Data extract >>
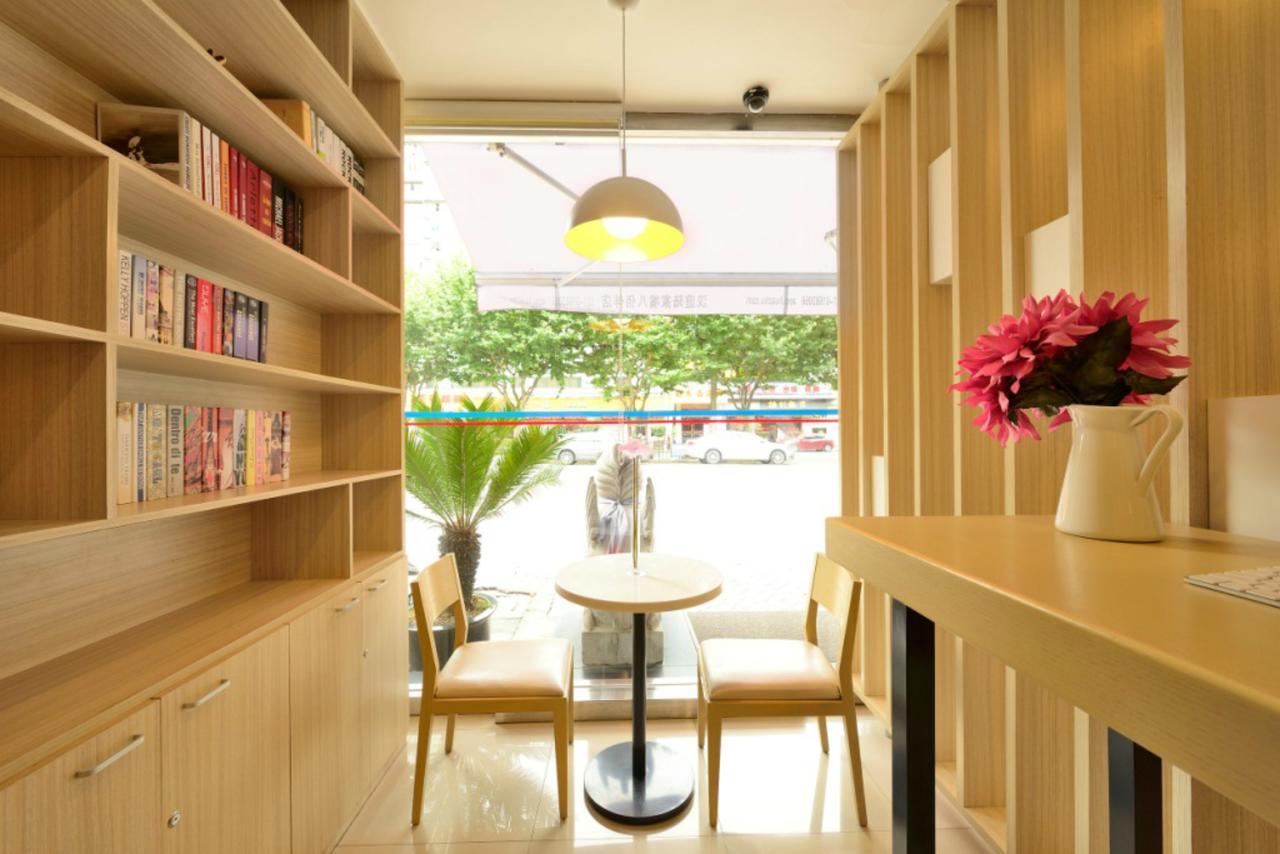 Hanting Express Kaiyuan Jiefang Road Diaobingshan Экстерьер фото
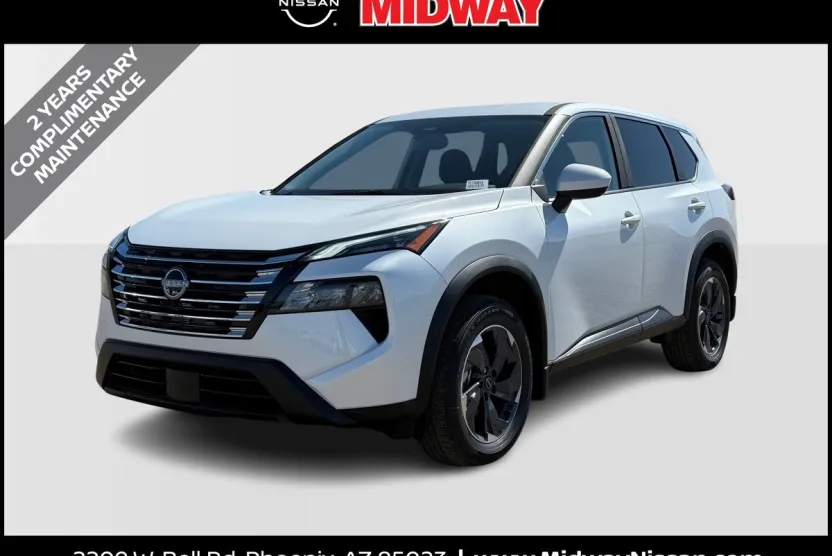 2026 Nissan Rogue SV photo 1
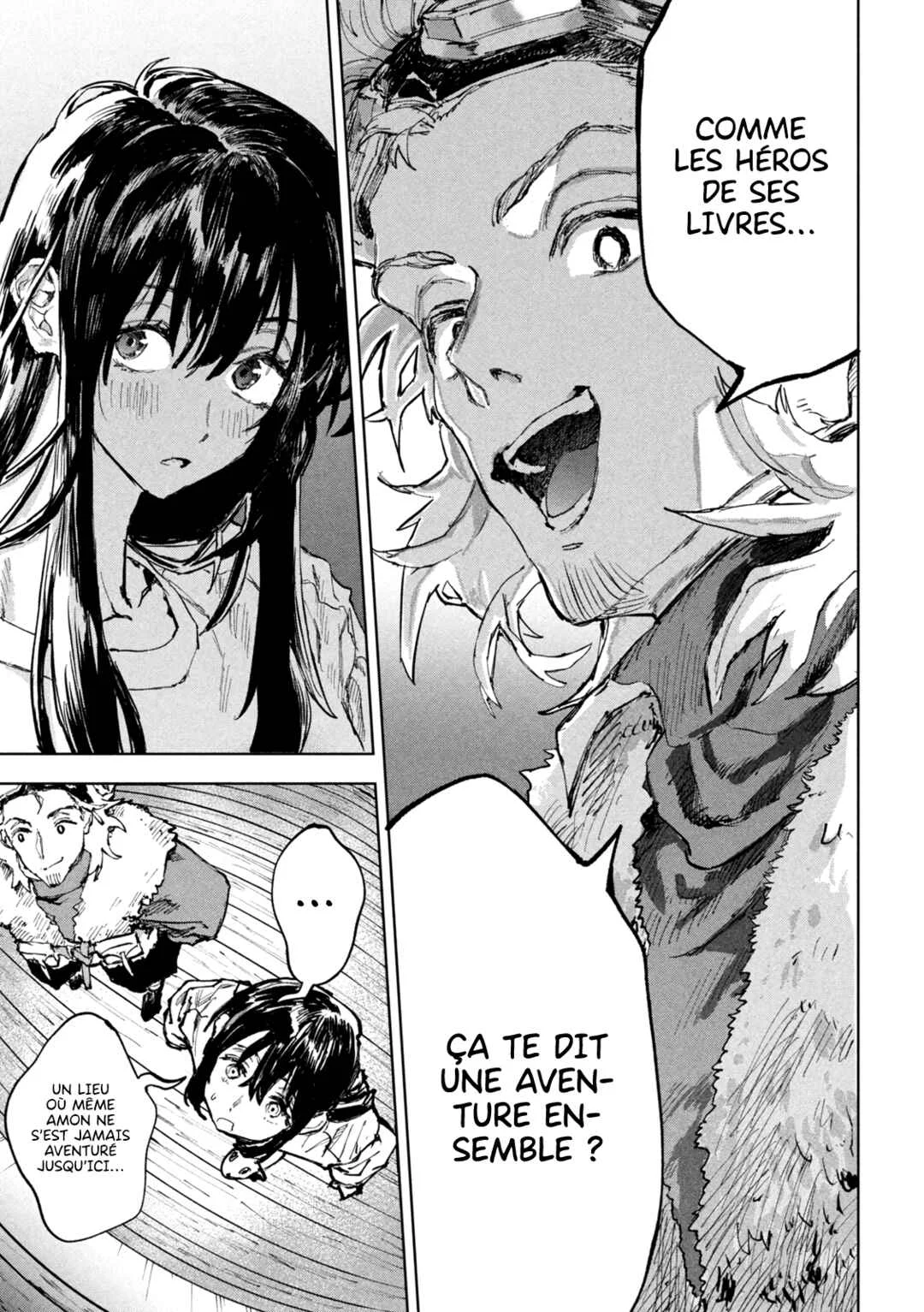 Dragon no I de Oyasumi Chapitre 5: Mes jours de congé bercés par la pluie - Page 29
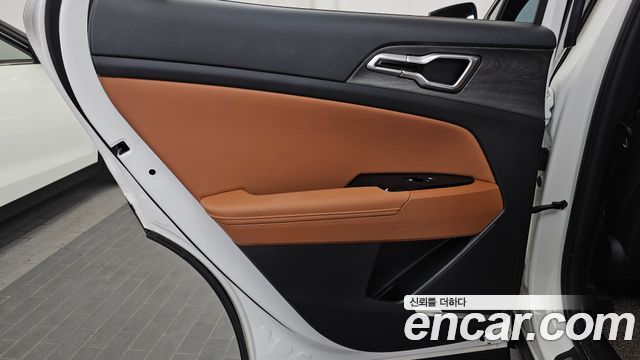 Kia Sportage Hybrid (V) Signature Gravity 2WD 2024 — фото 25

Work task >> Each line of the listing is to be retyped exactly, and its pictures are to be dropped.

Worked solution >>
 Hanting Express Kaiyuan Jiefang Road Diaobingshan Экстерьер фото
 2026 Nissan Rogue SV photo 1
 Dragon no I de Oyasumi Chapitre 5: Mes jours de congé bercés par la pluie - Page 29
 Kia Sportage Hybrid (V) Signature Gravity 2WD 2024 — фото 25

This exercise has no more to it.